Public awareness and involvement

Before they were asked to join a trial, the people we talked to had different levels of awareness of clinical trials and medical research. Some knew practically nothing, while others already knew a lot (including a few scientists and doctors). In between was a group of people who had heard something about them. So for example, Wendy said she did know trials went on, but it wasn’t until she read a leaflet in the waiting room that she learnt about early Phase 1 and Phase 2 trials. (See ‘What are clinical trials and why do we need them?’)
Some people had only heard negative information, often mentioning the incident at a commercial research unit based at Northwick Park Hospital in 2006 when 6 healthy volunteers in a Phase 1 trial became extremely ill. Marie said, “The only information that I heard about clinical trials was bad information… when all those boys had clinical trials and they all went wrong.”
Angela felt it was a shame that this might put people off.
Whatever their own levels of knowledge, the great majority of people felt it was important to do more to raise public awareness, and that finding out about trials for the first time when you were already ill and feeling anxious was not the best time.
Using newspaper and magazine articles, adverts, TV and the internet were suggested as ways to spread understanding, and Joanna thought the occasion of the 60th anniversary of the NHS could have been used to reflect on the value of research.
The idea of including more in TV dramas or documentaries was especially popular. Sarah suggested something “like a series of ‘House’, with some handsome doctor who’s doing all the trials.”
Alex thought more general science teaching in schools could help, and Lester thought Citizenship classes might be a place to discuss trials.
However, Jenny pointed out that not everyone will want to know.
There were mixed views about how possible it was to improve understanding about what many felt was a very complex topic.
Others felt that most people could instinctively grasp the principles of clinical trials, provided they are given clear explanations.
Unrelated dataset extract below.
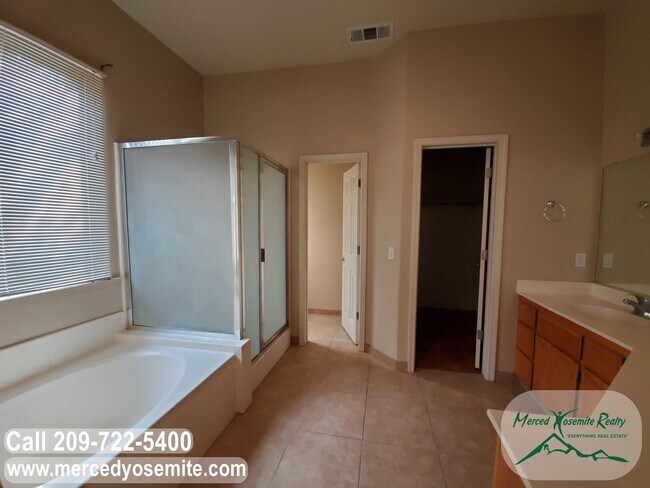 Building Photo - Hunters Village Phase 2. Do not disturb tenants.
As Amanda said, “I do a lot of training of patients, teaching the public, and people are quite capable of understanding, you know, if you just talk to them sensibly. People have no problem with understanding this at all.” Hazel agreed.
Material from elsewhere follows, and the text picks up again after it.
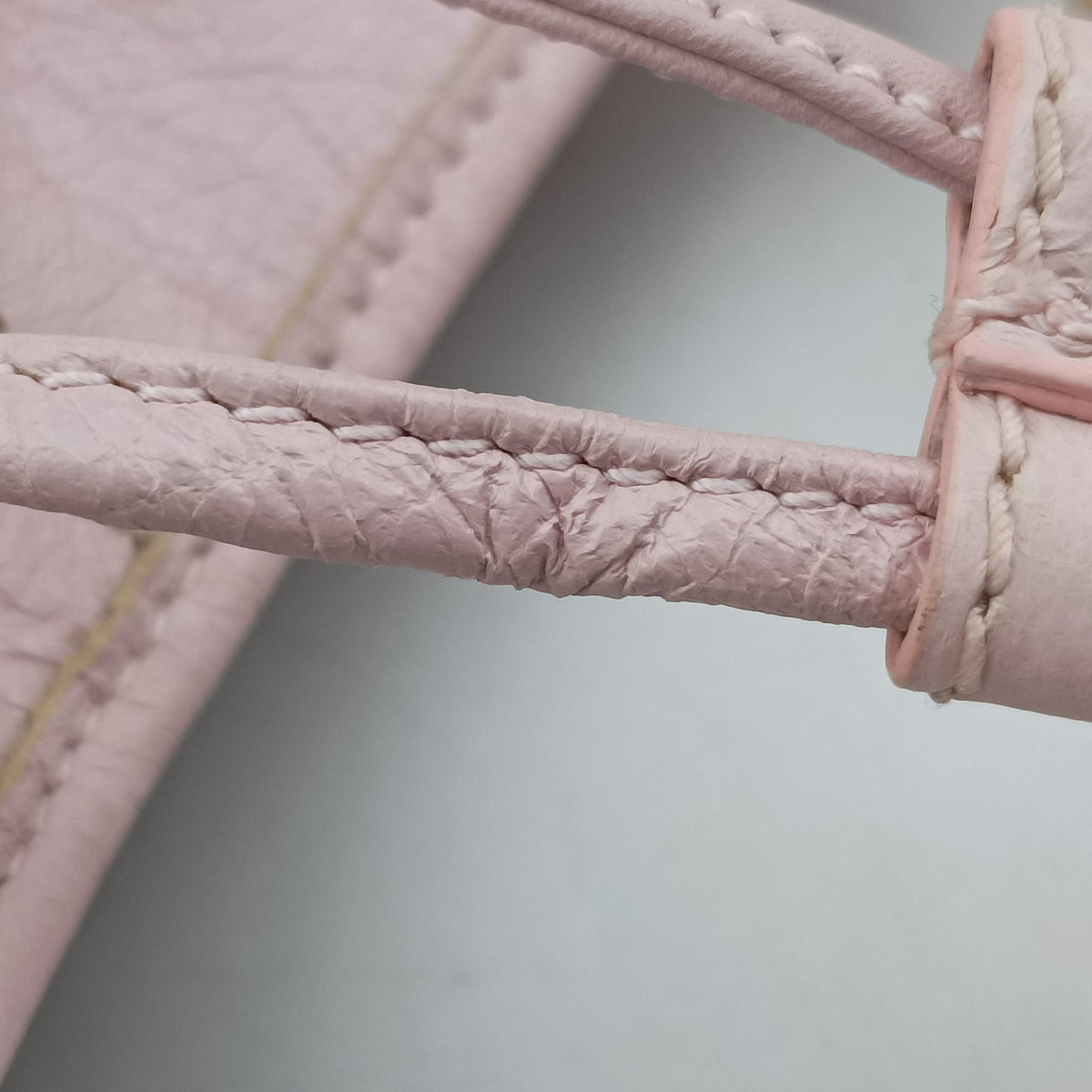 Pre-owned Balenciaga Pompon Pink Lambskin  shoulderbag | stylenewstar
Several people became so interested as a result of their own experiences (both good and bad) that they have since become actively involved in a range of lay research roles (see our section on patient and public involvement in research). The NHS National Institute for Health Research funds an organisation called INVOLVE whose website lists current opportunities to get involved, for example serving on ethics committees or trial steering groups, commenting on information leaflets, or advising research bodies on priorities for future research. INVOLVE defines active involvement as different from simply taking part in a study.

It means:

• research done with members of the public, not to or about them
• getting involved in the research process itself
• making sure that publicly funded health and social care research is relevant and useful to the public.

Lester first got involved after his son died of Creutzfeldt-Jakob Disease (CJD) when he was chairing a small charity for people with the condition. After being invited to a meeting to consult families about how to design a trial of treatments for CJD, he went on to become a lay chair of the trial steering group.
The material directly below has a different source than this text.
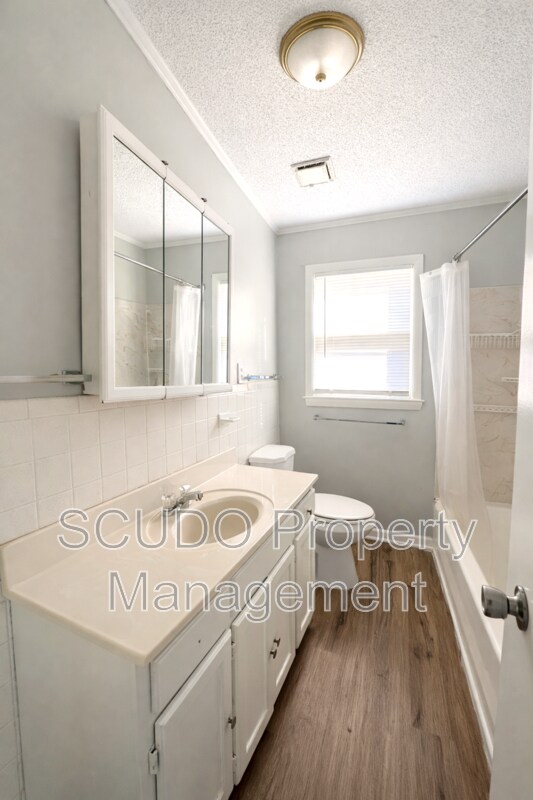 Foto del edificio - 12509 E 53rd St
Others became involved through various NHS and other research organisations.
Celia explained how she was there to give a patient’s view on research proposals and plans, but sometimes wondered whether she was making much difference. Several people commented that, although patient and public involvement has come a long way, there is still a danger of it being tokenistic, and not taken seriously by professionals, but as Rosamund pointed out, common sense opinions from ordinary people can make trial information much easier to understand. (See also ‘Appointments, monitoring and questionnaires’ and ‘Information and questions’).
Hazel went from knowing nothing at all about trials to helping to write the book ‘Testing Treatments’ (see Resources)  and lecturing on trials. She agreed that it can difficult to know what difference public involvement makes, though she still feels it is the right way to go.
Hazel also discussed some of the problems of language around patient and public involvement. She prefers the word ‘people’ to ‘consumers’ or ‘users’, and suggests patients and doctors are all people who need to work in partnership. She also notes that the idea of how ‘representative’ individual patients can be raises concerns for some people, but this does not matter provided everyone is open about what they are doing. Other views are always welcome.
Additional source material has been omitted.